USGS Data Science conventions

So far you’ve learned a lot about the mechanics of using targets, but there are also a few conventions that USGS Data Science practitioners use to maintain consistency across projects. These conventions make it easier to jump into a new project, provide peer review, or learn a new technique from someone else’s pipeline, since you are already familiar with the structure.

As you learned in the first pipelines course, we like to separate pipelines into distinct phases based on what is happening to the data (we usually use fetch, process, visualize, etc). So far in this course, we have been using a single list of targets in the _targets.R makefile. This works for short pipelines, but when you have bigger, more complex pipelines, that file and target list could get HUGE and difficult to read.

For this reason, we like to have multiple makefiles that each describe and are named after a single phase, e.g., 1_fetch.R or 4_visualize.R. Within each phase makefile, targets are saved in an R list object which is numbered based on the phase, e.g. p1_targets_list or p4_targets_list. Then, the main _targets.R makefile sources each of these phase makefiles and combines the target lists into a single list using c(), e.g., c(p1_targets_list, p2_targets_list, p3_targets_list, p4_targets_list.

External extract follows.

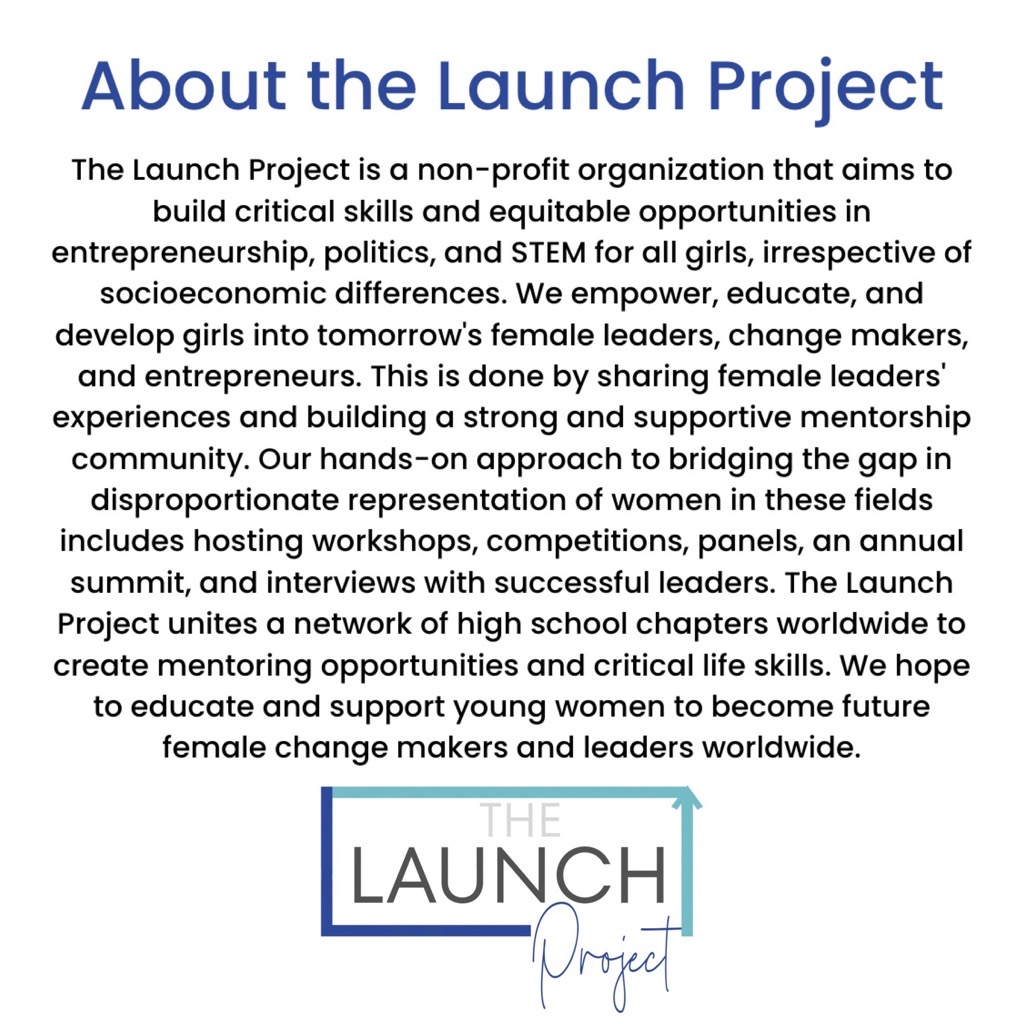 MadeiraStudents's tweet photo. The Launch Project is a non-profit organization that aims to build critical skills and equitable opportunities in entrepreneurship, politics, and STEM for all girls, irrespective of socioeconomic differences. #MadeiraClubs https://t.co/zHuhLTTFfc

In addition to this multi-makefile approach, we also like to name our targets to make it clear which phase they belong to. For example, any target created in the fetch phase would be prefixed with p1. We do this for two reasons: 1) it is clearer, and 2) you can now use dplyr::select syntax to build all targets in a single phase by running tar_make(starts_with("p1")). A handy little trick!

Consider the two-phased pipeline below, where you need to download data from ScienceBase and then combine it all into a single dataframe.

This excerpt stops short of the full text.